Si Vhaeraun ganaba y conseguía destruir a Lloth, se iniciaría una nueva era para los drows. El Señor Oculto apoyaba a los varones contrarios al matriarcado; su victoria incitaría a los disgustados varones de Menzoberranzan a una insurrección aún mayor que la que ya había sufrido la ciudad. Pero si Selvetarm conseguía defender a la Reina Araña, Lloth volvería y restituiría su magia, confiriendo de nuevo poder a los conjuros de sus sacerdotisas. No importaba lo que sucediera, Pharaun quería estar con el vencedor; o en todo caso, que pareciera que servía a sus intereses.
—Como estaba diciendo —continuó Pharaun—, no sólo nos busca la casa Jaelre, sino que este lugar está plagado de elfos del bosque. Cuanto antes volvamos bajo tierra, mejor.
Calló para contemplar la espesura, entornando los ojos por efecto de la luz del sol que rebotaba en la blanca nieve, medio derretida, que cubría los árboles y el suelo por igual. El mago lamentaba su decisión de haber teletransportado al grupo allí. Su conjuro les permitió escapar de la fortaleza de los Jaelre, pero el portal que esperaba usar para alejarse de ellos sólo funcionaba en una dirección. Estaban atrapados en la superficie, junto a la boca de una cueva poco profunda.
—Me pregunto si alguno de los otros ya ha descubierto un modo de descender —murmuró Pharaun.

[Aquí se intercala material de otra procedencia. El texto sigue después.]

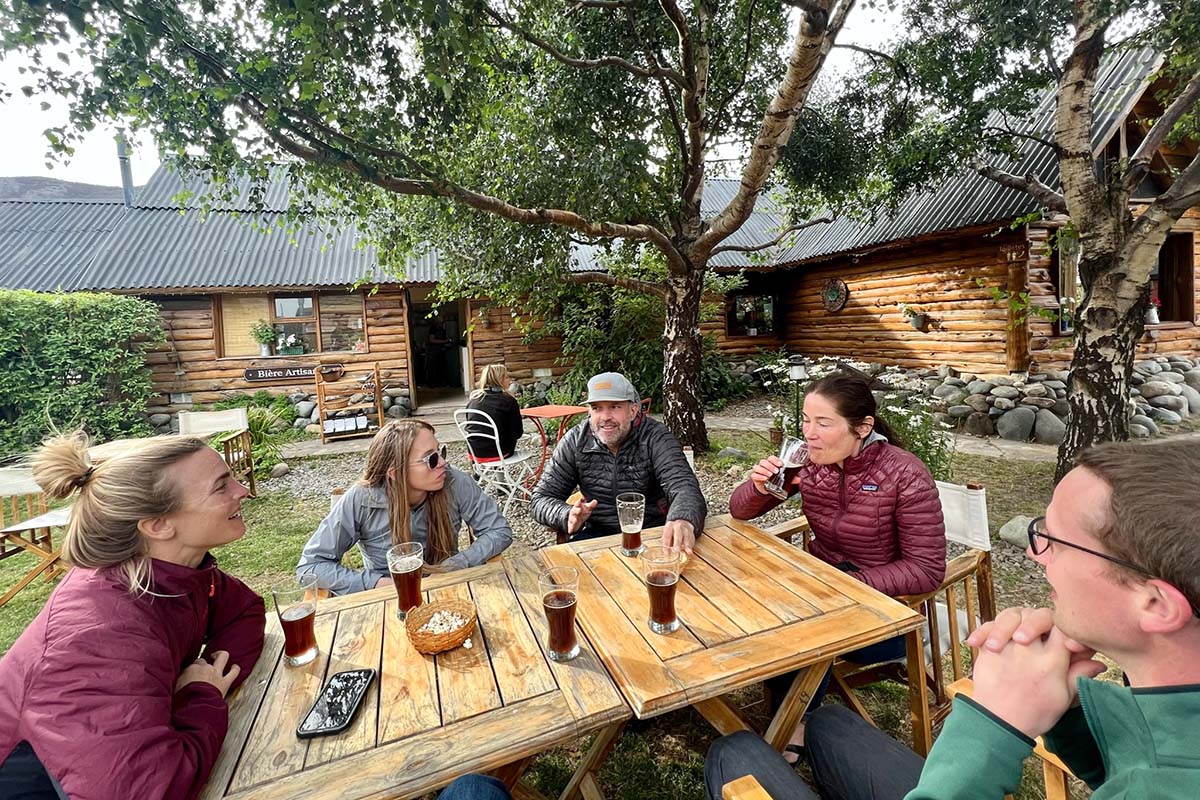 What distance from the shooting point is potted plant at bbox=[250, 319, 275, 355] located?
10.8 meters

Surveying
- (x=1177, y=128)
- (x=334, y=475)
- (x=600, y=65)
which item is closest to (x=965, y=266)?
(x=1177, y=128)

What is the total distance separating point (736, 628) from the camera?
1.69 metres

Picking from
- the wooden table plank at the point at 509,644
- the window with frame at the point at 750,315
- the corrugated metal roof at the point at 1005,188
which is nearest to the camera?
the wooden table plank at the point at 509,644

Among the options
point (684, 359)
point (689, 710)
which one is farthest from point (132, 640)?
point (684, 359)

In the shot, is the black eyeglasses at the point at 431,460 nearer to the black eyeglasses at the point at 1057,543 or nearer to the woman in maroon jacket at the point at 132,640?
the woman in maroon jacket at the point at 132,640

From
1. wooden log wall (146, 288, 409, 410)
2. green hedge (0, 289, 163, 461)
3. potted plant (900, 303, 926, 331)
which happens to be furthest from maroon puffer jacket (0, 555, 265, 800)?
potted plant (900, 303, 926, 331)

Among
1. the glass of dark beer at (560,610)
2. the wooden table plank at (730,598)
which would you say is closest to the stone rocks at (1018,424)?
the wooden table plank at (730,598)

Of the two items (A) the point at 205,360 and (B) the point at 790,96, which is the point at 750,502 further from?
(A) the point at 205,360

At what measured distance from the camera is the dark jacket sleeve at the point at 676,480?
247 centimetres

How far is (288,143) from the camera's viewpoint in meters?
3.59

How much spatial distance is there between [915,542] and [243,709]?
2.38 m

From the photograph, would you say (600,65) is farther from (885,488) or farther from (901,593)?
(901,593)

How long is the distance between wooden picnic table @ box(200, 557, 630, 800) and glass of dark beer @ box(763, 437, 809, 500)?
3.94 feet

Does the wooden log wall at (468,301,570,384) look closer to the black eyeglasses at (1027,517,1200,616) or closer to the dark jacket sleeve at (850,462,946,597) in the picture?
the dark jacket sleeve at (850,462,946,597) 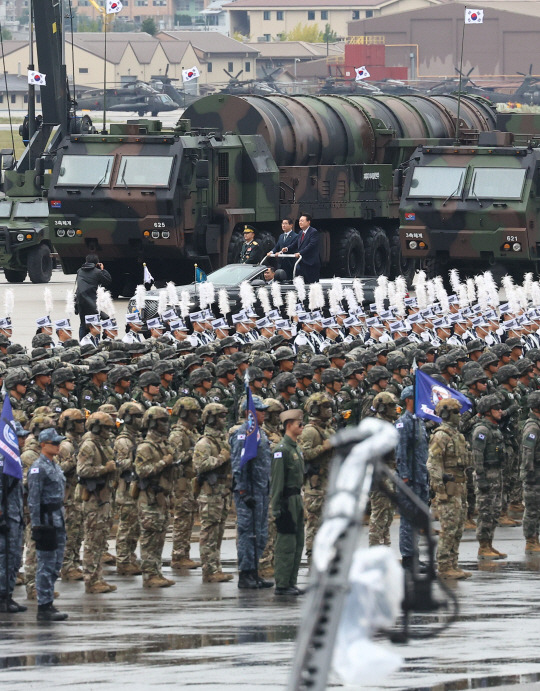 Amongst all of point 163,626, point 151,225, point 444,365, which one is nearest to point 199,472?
point 163,626

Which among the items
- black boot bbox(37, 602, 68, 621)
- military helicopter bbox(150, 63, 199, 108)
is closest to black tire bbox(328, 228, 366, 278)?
black boot bbox(37, 602, 68, 621)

A modo de respuesta, Valas Hune surgió del bosque. Salió tras unos enmarañados matorrales en un silencio que sólo en parte se debía a la cota de mallas encantada que llevaba. Un par de kukris mágicos colgaban de su cinto, y en el jubón llevaba prendidos varios talismanes encantados confeccionados por más de una raza de la Antípoda Oscura. El mercenario, con los ojos un poco húmedos por la luz solar, lucía su habitual barbilla contraída. Siempre estaba tenso y preparado, como si esperara recibir un puñetazo. Su piel negra estaba entrecruzada con docenas de líneas de un gris mortecino, desdibujadas herencias de dos siglos erizados de combates.
—Hay un templo en ruinas a poca distancia. Está construido alrededor de una caverna —dijo Valas, que movió la cabeza en dirección al punto del que venía.

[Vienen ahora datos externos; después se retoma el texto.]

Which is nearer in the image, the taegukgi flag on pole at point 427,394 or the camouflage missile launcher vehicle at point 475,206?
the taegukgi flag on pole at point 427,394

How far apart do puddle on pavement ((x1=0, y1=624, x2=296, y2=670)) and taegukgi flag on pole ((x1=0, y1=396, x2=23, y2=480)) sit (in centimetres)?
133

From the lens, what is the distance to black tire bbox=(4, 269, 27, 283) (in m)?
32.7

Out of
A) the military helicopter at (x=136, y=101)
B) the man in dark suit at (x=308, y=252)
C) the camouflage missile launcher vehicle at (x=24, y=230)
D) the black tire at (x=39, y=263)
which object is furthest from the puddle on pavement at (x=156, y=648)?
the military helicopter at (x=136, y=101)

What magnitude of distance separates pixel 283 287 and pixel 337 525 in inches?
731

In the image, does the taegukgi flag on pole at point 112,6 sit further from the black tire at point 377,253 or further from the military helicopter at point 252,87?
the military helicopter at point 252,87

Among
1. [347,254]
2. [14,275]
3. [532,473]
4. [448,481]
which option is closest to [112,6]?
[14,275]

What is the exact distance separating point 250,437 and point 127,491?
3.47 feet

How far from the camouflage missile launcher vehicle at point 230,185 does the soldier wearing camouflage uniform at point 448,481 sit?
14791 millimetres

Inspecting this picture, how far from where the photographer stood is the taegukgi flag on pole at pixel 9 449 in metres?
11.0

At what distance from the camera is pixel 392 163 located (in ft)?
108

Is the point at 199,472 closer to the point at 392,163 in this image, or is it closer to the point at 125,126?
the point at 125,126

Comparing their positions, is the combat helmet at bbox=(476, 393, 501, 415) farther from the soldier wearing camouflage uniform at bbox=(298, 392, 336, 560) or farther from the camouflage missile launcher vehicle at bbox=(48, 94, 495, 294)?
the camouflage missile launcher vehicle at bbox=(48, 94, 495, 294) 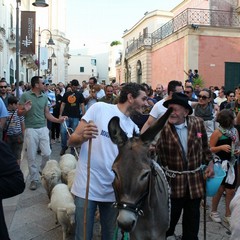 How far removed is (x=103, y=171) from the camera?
3576mm

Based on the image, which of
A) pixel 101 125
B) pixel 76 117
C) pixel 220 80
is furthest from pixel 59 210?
pixel 220 80

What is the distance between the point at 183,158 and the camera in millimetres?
4082

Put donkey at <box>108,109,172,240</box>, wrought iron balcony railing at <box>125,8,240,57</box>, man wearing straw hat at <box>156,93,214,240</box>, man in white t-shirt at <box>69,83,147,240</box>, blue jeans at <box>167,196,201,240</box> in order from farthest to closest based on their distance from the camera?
wrought iron balcony railing at <box>125,8,240,57</box>
blue jeans at <box>167,196,201,240</box>
man wearing straw hat at <box>156,93,214,240</box>
man in white t-shirt at <box>69,83,147,240</box>
donkey at <box>108,109,172,240</box>

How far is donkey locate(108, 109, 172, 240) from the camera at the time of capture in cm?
270

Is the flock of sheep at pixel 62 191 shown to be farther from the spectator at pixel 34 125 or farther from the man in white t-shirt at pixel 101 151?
the man in white t-shirt at pixel 101 151

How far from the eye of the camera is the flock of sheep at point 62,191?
5082 millimetres

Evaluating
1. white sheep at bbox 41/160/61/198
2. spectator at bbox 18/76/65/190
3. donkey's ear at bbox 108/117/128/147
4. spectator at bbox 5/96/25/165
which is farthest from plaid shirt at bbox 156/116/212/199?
spectator at bbox 5/96/25/165

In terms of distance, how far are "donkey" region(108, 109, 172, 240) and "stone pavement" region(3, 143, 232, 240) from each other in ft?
7.28

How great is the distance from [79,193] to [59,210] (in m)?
1.68

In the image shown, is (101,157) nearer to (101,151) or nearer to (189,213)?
(101,151)

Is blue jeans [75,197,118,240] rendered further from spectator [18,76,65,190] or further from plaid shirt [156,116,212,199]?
spectator [18,76,65,190]

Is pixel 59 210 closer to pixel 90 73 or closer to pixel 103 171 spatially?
pixel 103 171

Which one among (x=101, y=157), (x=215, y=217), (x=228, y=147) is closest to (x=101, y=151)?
(x=101, y=157)

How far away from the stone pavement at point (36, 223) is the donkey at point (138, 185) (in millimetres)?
2219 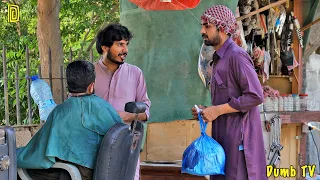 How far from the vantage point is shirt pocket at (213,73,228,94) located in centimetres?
325

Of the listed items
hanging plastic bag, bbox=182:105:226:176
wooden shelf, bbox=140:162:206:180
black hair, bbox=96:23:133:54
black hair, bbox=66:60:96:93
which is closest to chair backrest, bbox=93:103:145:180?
black hair, bbox=66:60:96:93

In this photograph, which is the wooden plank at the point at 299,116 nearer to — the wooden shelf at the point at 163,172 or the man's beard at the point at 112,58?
the wooden shelf at the point at 163,172

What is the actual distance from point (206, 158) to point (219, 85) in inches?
18.5

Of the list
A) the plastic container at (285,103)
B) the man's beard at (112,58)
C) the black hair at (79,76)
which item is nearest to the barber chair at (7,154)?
the black hair at (79,76)

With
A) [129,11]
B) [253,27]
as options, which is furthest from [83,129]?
[253,27]

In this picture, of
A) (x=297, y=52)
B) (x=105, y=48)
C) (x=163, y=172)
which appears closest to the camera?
(x=105, y=48)

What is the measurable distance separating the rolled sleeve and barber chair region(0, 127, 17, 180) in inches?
55.9

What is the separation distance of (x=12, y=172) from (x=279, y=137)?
4456 mm

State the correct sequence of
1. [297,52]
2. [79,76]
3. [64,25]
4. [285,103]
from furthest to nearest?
[64,25] → [297,52] → [285,103] → [79,76]

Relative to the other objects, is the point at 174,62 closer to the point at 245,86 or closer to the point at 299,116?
the point at 245,86

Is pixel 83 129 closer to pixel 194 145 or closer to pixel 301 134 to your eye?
pixel 194 145

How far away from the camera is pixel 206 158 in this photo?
314cm

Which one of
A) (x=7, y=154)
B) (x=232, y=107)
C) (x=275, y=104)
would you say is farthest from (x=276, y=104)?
(x=7, y=154)

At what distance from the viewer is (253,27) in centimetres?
612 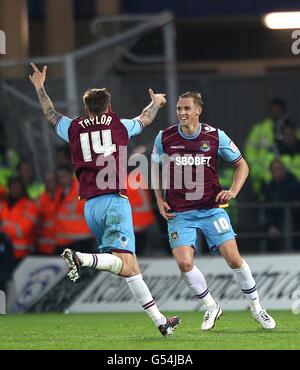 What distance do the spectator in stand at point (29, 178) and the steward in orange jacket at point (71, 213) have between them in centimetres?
105

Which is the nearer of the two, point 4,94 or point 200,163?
point 200,163

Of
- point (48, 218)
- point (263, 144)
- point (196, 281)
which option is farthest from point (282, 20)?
point (196, 281)

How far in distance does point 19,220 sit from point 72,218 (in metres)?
0.86

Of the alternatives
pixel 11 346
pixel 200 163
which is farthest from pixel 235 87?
pixel 11 346

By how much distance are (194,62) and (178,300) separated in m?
10.8

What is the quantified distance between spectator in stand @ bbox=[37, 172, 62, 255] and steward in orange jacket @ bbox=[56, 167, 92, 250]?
0.13 m

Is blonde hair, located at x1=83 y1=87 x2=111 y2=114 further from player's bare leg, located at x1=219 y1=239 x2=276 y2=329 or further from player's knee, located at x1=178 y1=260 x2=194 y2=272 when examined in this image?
player's bare leg, located at x1=219 y1=239 x2=276 y2=329

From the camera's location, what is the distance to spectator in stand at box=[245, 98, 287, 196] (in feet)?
64.2

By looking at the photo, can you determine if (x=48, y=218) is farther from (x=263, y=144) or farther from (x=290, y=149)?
(x=290, y=149)

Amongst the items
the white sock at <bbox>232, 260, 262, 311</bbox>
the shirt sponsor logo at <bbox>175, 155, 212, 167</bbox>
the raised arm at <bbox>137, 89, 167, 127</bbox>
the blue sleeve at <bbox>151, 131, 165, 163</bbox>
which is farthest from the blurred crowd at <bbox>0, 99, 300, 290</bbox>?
the raised arm at <bbox>137, 89, 167, 127</bbox>

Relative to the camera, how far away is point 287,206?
18.7 meters

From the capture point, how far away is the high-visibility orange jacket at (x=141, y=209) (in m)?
18.7

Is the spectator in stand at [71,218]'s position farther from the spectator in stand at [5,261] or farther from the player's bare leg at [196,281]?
the player's bare leg at [196,281] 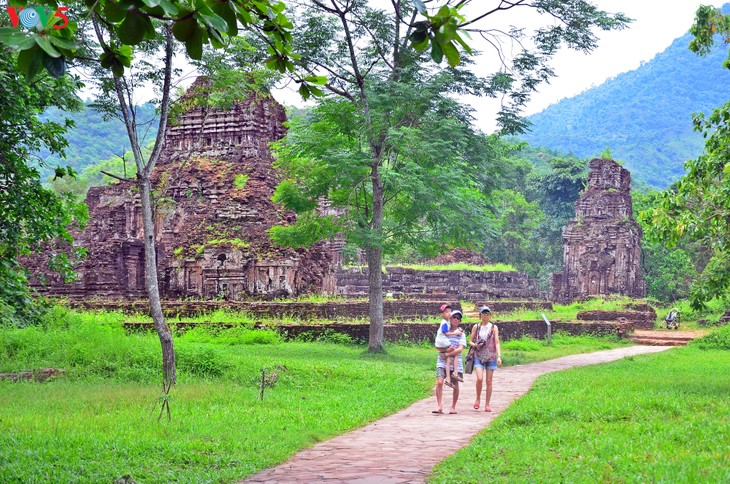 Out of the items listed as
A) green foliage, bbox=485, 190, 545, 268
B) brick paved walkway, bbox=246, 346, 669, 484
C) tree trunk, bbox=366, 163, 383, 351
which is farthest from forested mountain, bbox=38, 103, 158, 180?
brick paved walkway, bbox=246, 346, 669, 484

Los ojos de Quenthel centellearon, y las serpientes del látigo se quedaron paralizadas, prestando atención.
—¿Conduce a los Reinos Subterráneos? —preguntó.
—Sí, matrona —dijo Valas, con una ligera reverencia.

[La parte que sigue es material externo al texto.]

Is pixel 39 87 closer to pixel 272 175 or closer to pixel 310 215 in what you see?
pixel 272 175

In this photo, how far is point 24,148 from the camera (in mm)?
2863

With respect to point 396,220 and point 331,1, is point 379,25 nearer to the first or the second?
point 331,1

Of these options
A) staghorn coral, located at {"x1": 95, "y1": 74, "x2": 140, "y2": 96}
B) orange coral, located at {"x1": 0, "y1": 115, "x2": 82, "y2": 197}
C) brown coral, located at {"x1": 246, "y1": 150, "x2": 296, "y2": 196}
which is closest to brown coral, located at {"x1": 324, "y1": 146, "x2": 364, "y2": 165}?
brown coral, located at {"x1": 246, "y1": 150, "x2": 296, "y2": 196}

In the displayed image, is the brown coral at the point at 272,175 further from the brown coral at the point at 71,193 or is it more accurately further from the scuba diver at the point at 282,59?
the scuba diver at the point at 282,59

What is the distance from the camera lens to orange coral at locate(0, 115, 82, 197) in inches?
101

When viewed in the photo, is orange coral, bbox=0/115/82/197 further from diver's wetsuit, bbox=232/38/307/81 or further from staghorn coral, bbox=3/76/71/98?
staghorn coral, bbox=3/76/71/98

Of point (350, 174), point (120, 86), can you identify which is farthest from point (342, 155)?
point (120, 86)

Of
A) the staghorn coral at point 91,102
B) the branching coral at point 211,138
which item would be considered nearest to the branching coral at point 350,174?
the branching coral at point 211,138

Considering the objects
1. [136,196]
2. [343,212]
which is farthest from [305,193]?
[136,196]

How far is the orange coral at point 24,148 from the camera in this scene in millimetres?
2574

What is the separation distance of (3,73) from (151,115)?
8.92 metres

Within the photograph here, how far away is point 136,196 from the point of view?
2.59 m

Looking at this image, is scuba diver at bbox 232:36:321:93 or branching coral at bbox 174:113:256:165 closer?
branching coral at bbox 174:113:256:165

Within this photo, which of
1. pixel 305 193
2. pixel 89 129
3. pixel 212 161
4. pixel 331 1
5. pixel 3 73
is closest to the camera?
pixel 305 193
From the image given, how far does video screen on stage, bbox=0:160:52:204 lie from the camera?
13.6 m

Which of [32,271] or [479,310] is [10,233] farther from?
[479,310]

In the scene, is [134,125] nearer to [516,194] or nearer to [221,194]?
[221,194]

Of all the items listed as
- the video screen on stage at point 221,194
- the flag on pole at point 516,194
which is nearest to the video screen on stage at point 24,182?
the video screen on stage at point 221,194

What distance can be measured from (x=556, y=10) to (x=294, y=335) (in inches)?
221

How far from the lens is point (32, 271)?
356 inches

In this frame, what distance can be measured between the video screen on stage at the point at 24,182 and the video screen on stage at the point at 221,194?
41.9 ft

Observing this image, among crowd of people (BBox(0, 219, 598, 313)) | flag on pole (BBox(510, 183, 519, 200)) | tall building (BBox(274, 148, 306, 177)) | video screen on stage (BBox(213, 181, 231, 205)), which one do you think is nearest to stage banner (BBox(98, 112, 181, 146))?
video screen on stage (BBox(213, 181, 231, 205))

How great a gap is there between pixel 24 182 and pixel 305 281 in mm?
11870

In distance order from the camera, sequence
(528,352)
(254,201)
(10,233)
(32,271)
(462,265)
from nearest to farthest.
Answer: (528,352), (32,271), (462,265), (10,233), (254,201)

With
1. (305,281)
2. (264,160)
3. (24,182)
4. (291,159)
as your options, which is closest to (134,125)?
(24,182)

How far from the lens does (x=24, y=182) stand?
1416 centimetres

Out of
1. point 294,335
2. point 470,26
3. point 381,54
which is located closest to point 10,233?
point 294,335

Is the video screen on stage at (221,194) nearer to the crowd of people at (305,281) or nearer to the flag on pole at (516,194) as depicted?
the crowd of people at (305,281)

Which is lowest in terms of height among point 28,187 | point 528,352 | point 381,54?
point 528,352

Pharaun dio un paso adelante y con un brazo rodeó los hombros del explorador.
—Bien hecho, Valas —dijo en tono cordial—. Siempre dije que eras capaz de oler un túnel a un kilómetro de distancia. ¡Guíanos! Estaremos de vuelta en Menzoberranzan en un abrir y cerrar de ojos, aplacaremos nuestra bien ganada sed con los mejores vinos de…
—Creo que no. —Quenthel estaba con los brazos en jarras, las serpientes imitaban su mirada venenosa—. La diosa ha desaparecido, probablemente a causa de un ataque. Debemos encontrarla. —Frunció el entrecejo—. Pharaun, ¿no sugerirás que le demos la espalda a Lloth? Si es así, estoy segura de que la matrona se las arreglará para que recibas el debido castigo.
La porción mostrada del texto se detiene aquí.